How to complete this task: Please restate each line of the data that follows word for word, skipping any image.

Data extract:

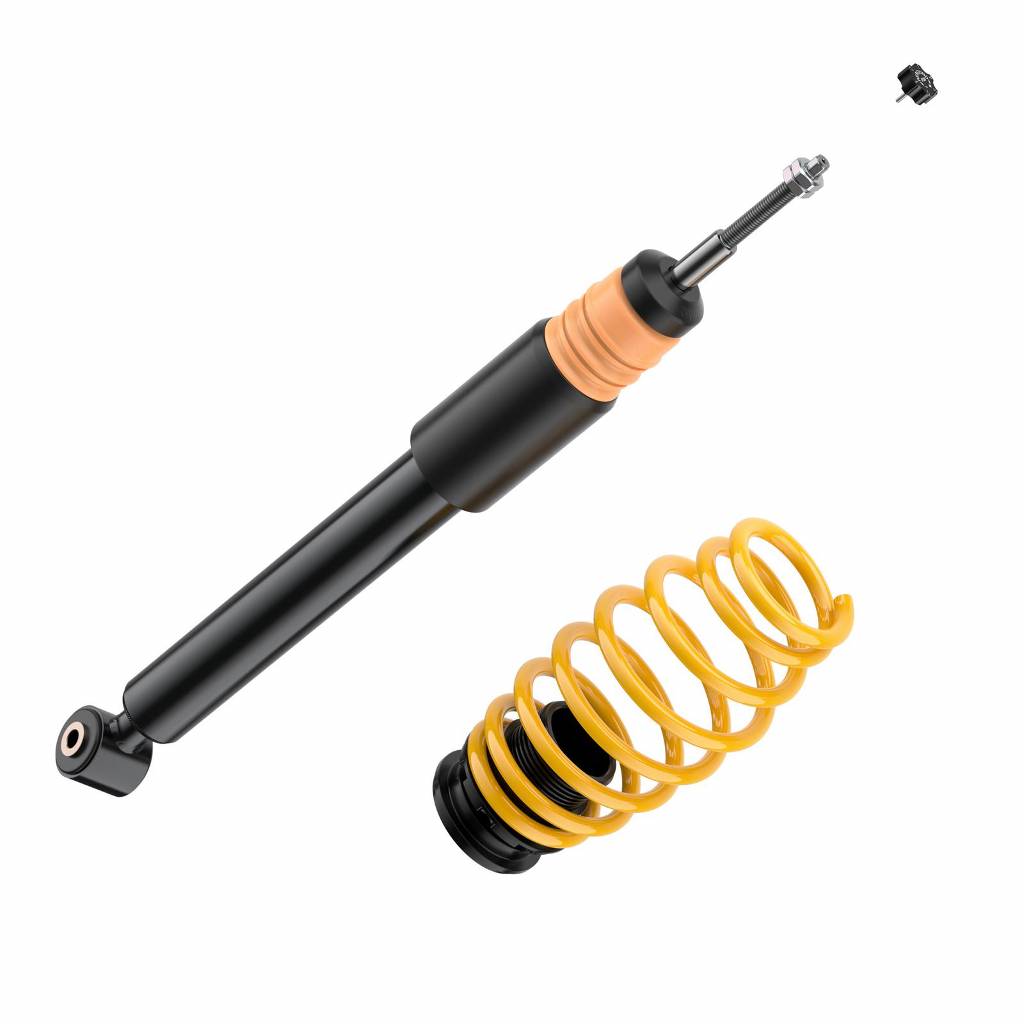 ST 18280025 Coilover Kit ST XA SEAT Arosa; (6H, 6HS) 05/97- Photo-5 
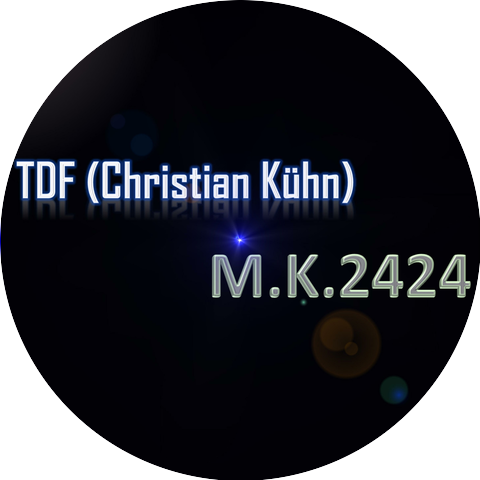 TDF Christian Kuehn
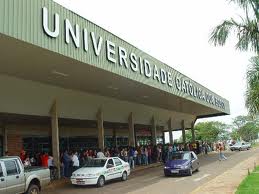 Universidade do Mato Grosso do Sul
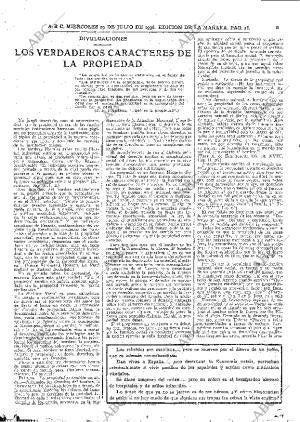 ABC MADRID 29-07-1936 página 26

Exercise response:
 ST 18280025 Coilover Kit ST XA SEAT Arosa; (6H, 6HS) 05/97- Photo-5 
 TDF Christian Kuehn
 Universidade do Mato Grosso do Sul
 ABC MADRID 29-07-1936 página 26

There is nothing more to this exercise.